To my mind, the choice between partisan and nonpartisan Asheville City Council elections is a dilemma, because neither choice is good enough. Let me explain.
Partisan elections put unaffiliated candidates at a serious disadvantage. In order to run, they must petition to file, and to file they must collect 2,357 valid signatures. If they obtain about the same percentage of valid signatures on their sheets as we did for the Let Asheville Vote campaign, they’ll need to turn in about 2,900 signatures. I’ll not say that’s impossible, but as a recent signature-gatherer, I will say that it’s a full-time job for a sizable number of supporters. Let Asheville Vote succeeded partly because there were close to 100 people working the streets, following a media blitz the likes of which this town hadn’t seen in years. Consciousness had been raised, and the campaign’s signature-gatherers took advantage of that awareness. Individual candidates would lack that advantage.

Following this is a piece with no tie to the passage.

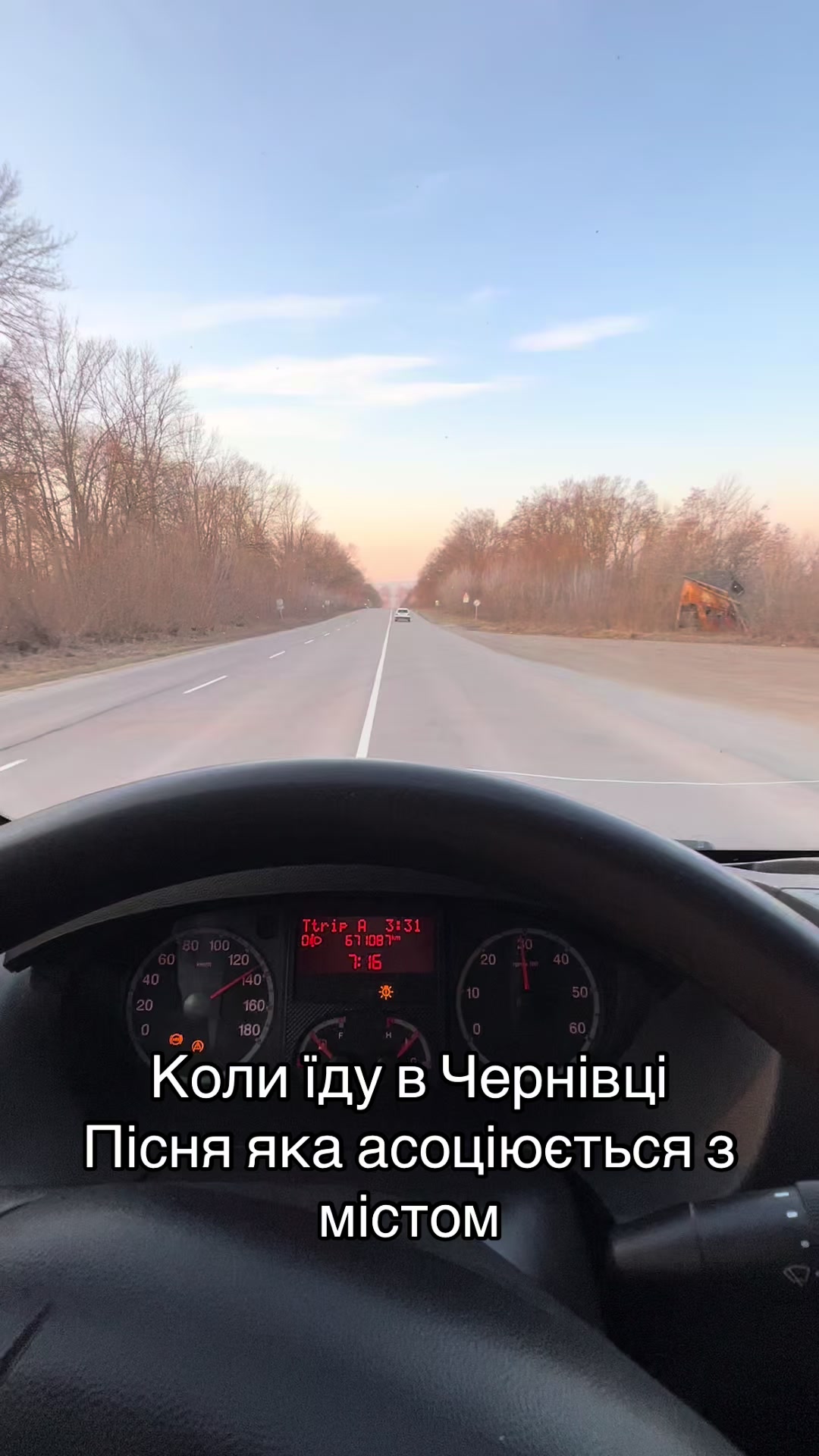 @Стас Озімковський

The good news about nonpartisan elections is that it keeps the ground level at the front door of City Hall: Any city resident can run for City Council merely by paying a $75 filing fee. But if we vote “no” and City Council elections continue to be nonpartisan, the candidates’ party affiliations won’t appear on the ballot. And according to the Council members who initially approved the switch to partisan elections (all of whom are Democrats), voters are forever asking about candidates’ party affiliations.

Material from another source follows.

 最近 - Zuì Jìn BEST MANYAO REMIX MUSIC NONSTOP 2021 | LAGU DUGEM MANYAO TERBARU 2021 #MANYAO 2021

Personally, I am a partisan, and I make no bones about it. I am proud to be a partisan. Truth to tell, a lot of voters do rely on party affiliation to guide their choices, spending too little time investigating the candidates’ stands on the issues of the day.
Still, I believe that we partisans are supposed to look out for the interests of all city residents—including our unaffiliated friends and those belonging to the other major party. (As an aside, a partisan who doesn’t have friends in the other major party has a major problem, in my opinion.)
So what shall we do? I recommend a two-step approach. First, let’s vote “no” on the partisan-election referendum in November, retain our level playing field, and spend some time between now and Nov. 6 giving the voters their crutch, if you will—helping educate them about the candidates’ party affiliations, whether by means of letters to the editor, print ads, radio or television. Second, let’s petition our legislators to make one small but significant change in North Carolina’s voting law allowing each candidate to append a single letter of the alphabet to their name, whether it’s a “D” or “R” or “U” or “G” or “L” or whatever. That one-sentence modification of the law would give voters the clue that some desire.
In the long run, I recommend that we adopt the same criterion for electing judges in North Carolina. Too much time and money are spent helping voters figure out which party judicial candidates belong to.
The major political parties will always help support their own candidates; that’s why they exist. To suggest that they should abstain from doing their job is to take way their First Amendment rights. But more and more, Buncombe County residents do not want a D or an R appended to their voter registration, and we must allow them not only to vote, but also to run for office on a playing field that’s kept as level as possible.
[Asheville resident George Keller is the secretary of the Buncombe County Republican Party.]